By Andrew Irumba
A group of over four hundred (400) former Crane Bank Limited (CBL) employees have threatened to drag DFCU and the Central Bank for alleged unlawful termination of their employment contracts when they took over from Crane Bank in 2016.
The furious now jobless all Ugandans are demanding their terminal benefits owed to them by DFCU and an addition of Shs 120 million each for the losses they have incurred since as well as the inconvenience and trauma caused to them by unlawful termination of their services.
The former CBL employees were sacked by DFCU in February 2017 when they took over from CBL. They however said that part of DFCU’s contractual obligations was to absorb former CBL workers.
The workers that addressed a press conference on Wed.at Hotel triangle in Kampala included Achan Catherine Kate, Akullo Teddy, Angwema Janet Mector, Arinaitwe Mactose, Bukenya Edward and Kiwumulo Lot Dianah. Others are Mivule Abbey, Muchwa Benjamin, Mwanje Robert and Ngororano Emmanuel among others.

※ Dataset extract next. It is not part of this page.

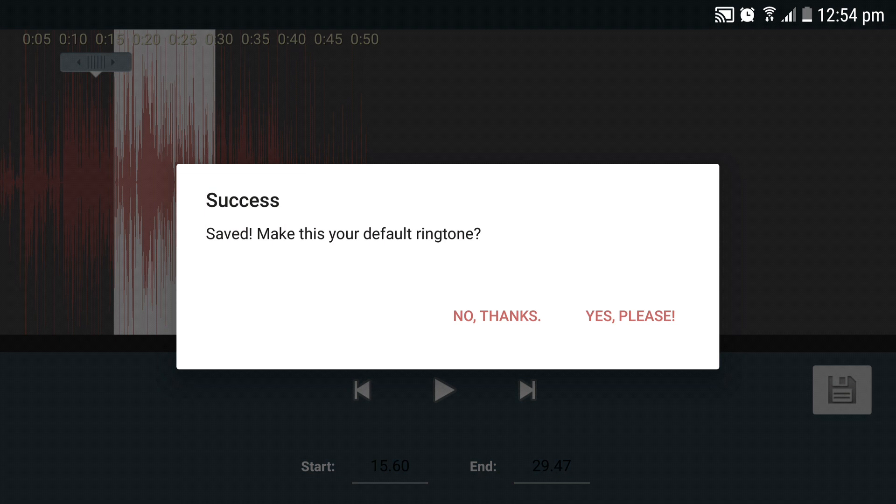The device will again ask if you want to set the current ringtone as your default ringtone. You can click yes please to set the desired track as your ringtone, or no thanks to exit the app.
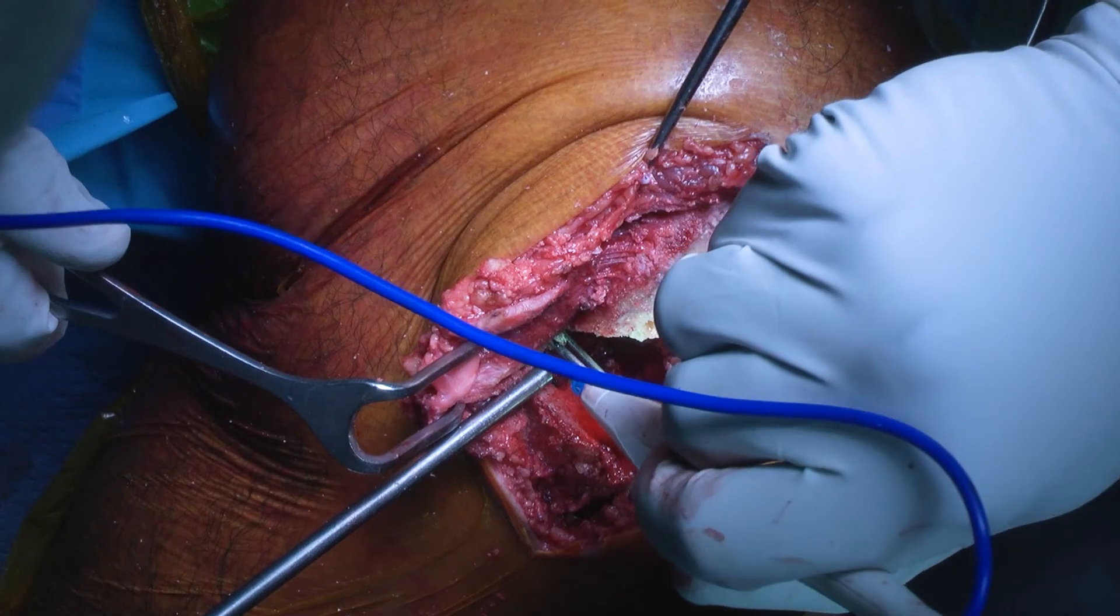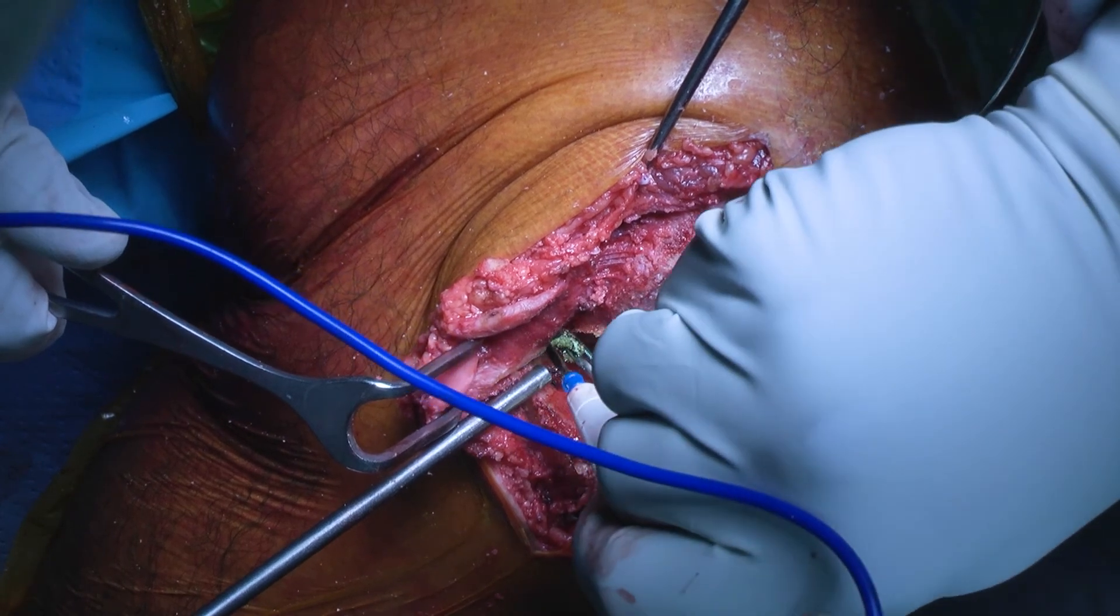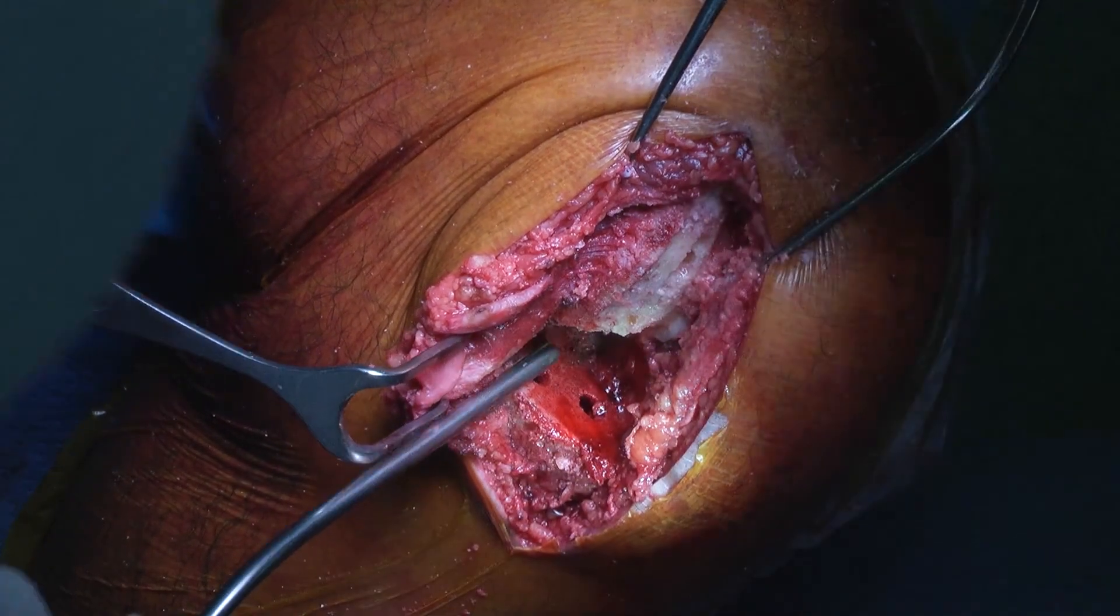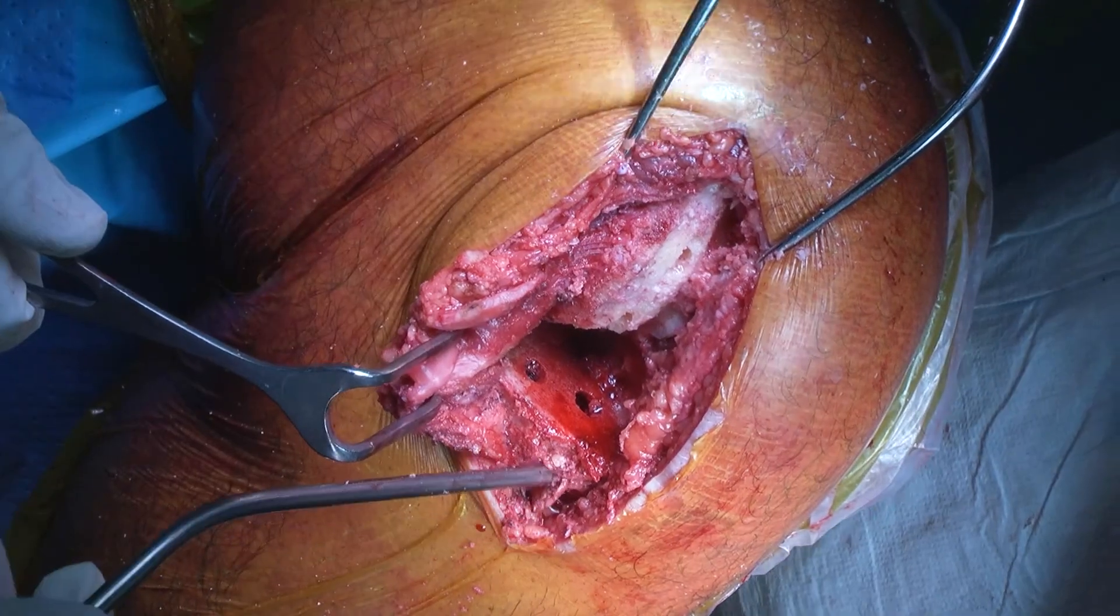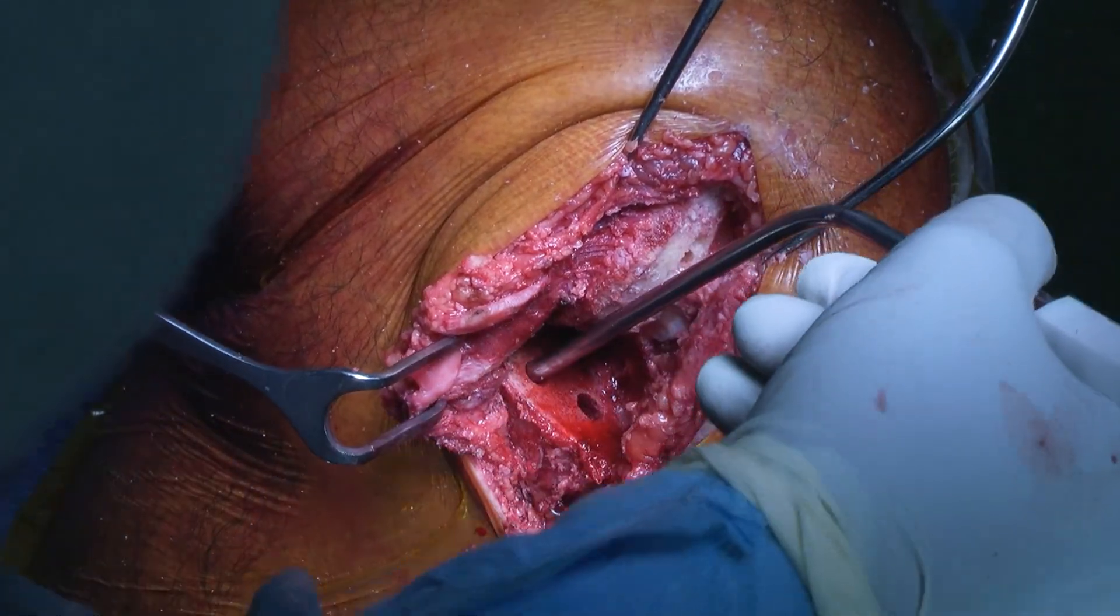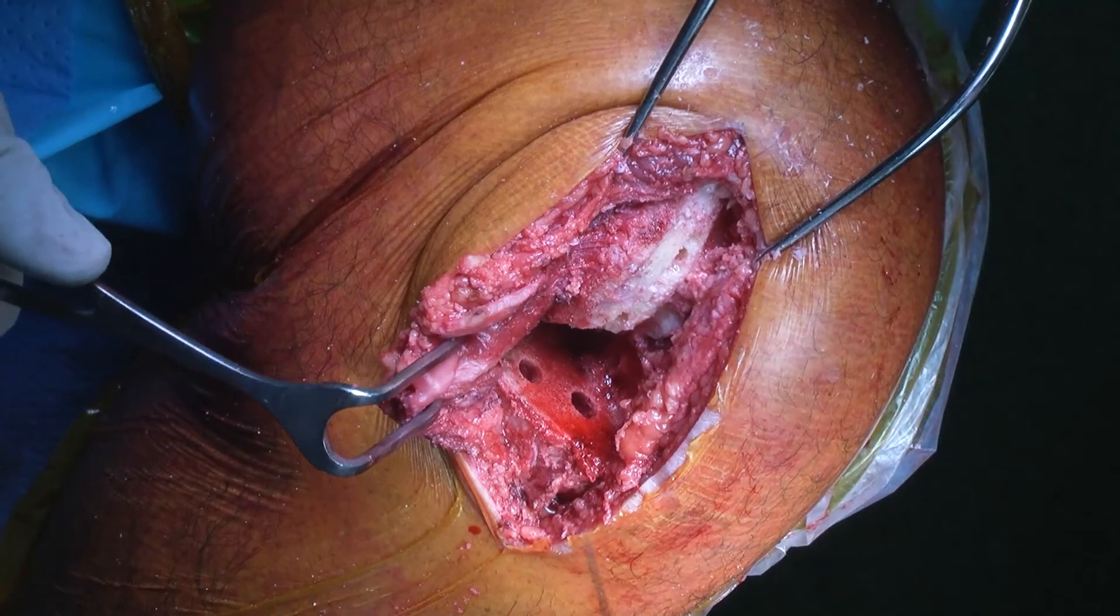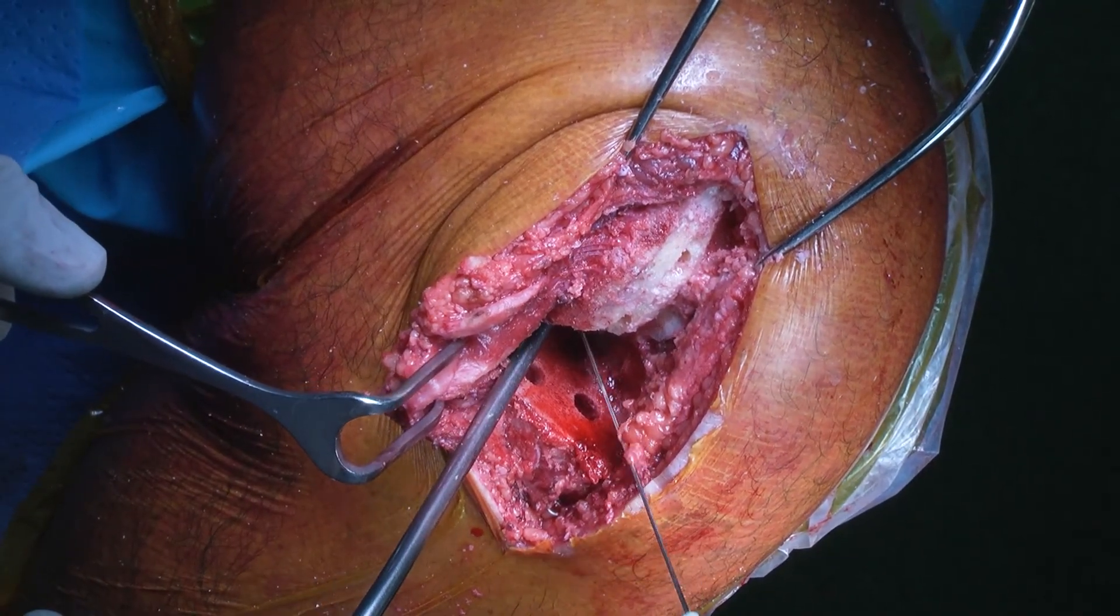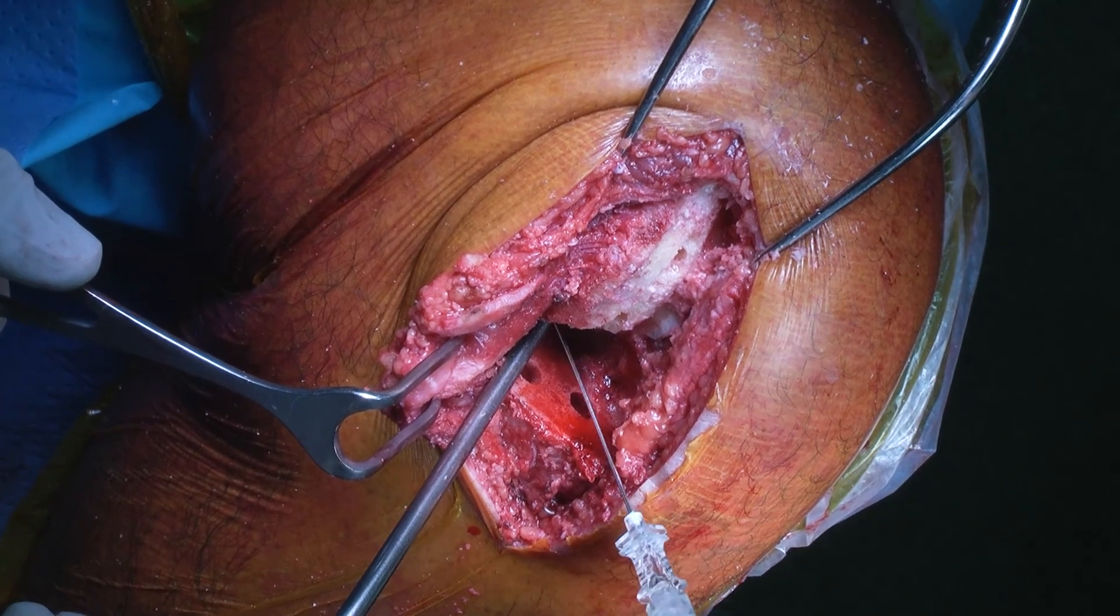Once all the bony cuts are completed, the remnant meniscal tissue and osteophytes are removed from the back of the knee, and the posterior capsule of the knee, as can be seen, is infiltrated with local anaesthetic, which greatly reduces post-operative pain and improves the patient's post-operative journey and recovery.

While addressing the press,they claim that they’re representing over 400 other workers who have since gone to villages after failing to cater for their families in K’la but they are well aware of the legal proceedings their fellow work mates are instituting.
The workers are represented by renowned city lawyer Isaac Semakade of Centre for Legal Aid, who is also representing controversial Makerere University Don.Dr.Stella Nyanzi.
The notice of intention to sue stems from the now controversial takeover of Crane Bank Ltd, at the time, third largest commercial bank in Uganda, by DFCU bank.
In January last year, Bank of Uganda notified the general public that it had transferred and conveyed the assets and liabilities of Crane Bank to DFCU in order to reduce the risk that Crane Bank posed to the financial system.
As a result, DFCU after inheriting assets and liabilities of Crane Bank, wrote a memo to its entire staff on February 24 2018 to the effect that several employees would be collectively terminated.
However, in their notice filed by their lawyers, Centre for Legal Aid, the former Crane Bank employees say the termination of their employment contracts was unjustified, unfair, discriminatory, degrading, demeaning and in breach of the law.
They contend that Bank of Uganda acted in bad faith, negligently, fraudulently and in breach of its duty under the constitution and the law regarding protection of rights/interests of the intending plaintiffs during the Crane Bank take over.
Bank of Uganda is accused of concealing details of the purchase and take over agreement from the ten former staffers yet their rights were directly affected in the takeover process.
Their frustrations are also informed, they say, by the recently divulged report of the Auditor General concerning the role of the Central Bank in the forced closure of local banks.
“The intending plaintiffs understand that the Bank of Uganda induced and/or encouraged DFCU Bank to conduct an illegal exercise of collective termination selectively targeting the intending plaintiffs in the wake of the controversial takeover of Crane Bank assets and liabilities by DFCU by purporting to exclude statutory duties owned to the intending plaintiffs during the impugned take over,” the notice reads.
The ten say they have suffered great distress, hurt feelings, humiliation, inconvenience and financial loss as a result of “the high handed and unlawful acts of DFCU and Bank of Uganda”.
They now seek general and punitive damages arising from the loss of their employment after they were transferred to DFCU. Their total compensation claim amounts to Shs 48 billion.
“They (workers) previously served DFCU with a notice of intention to sue, but DFCU replied saying that any responsibility for compensating former CBL workers in the sum of Shs 48billion should involve Bank of Uganda”, Counsel Semakade told the press on wed.at Hotel triangle where they held the press briefing.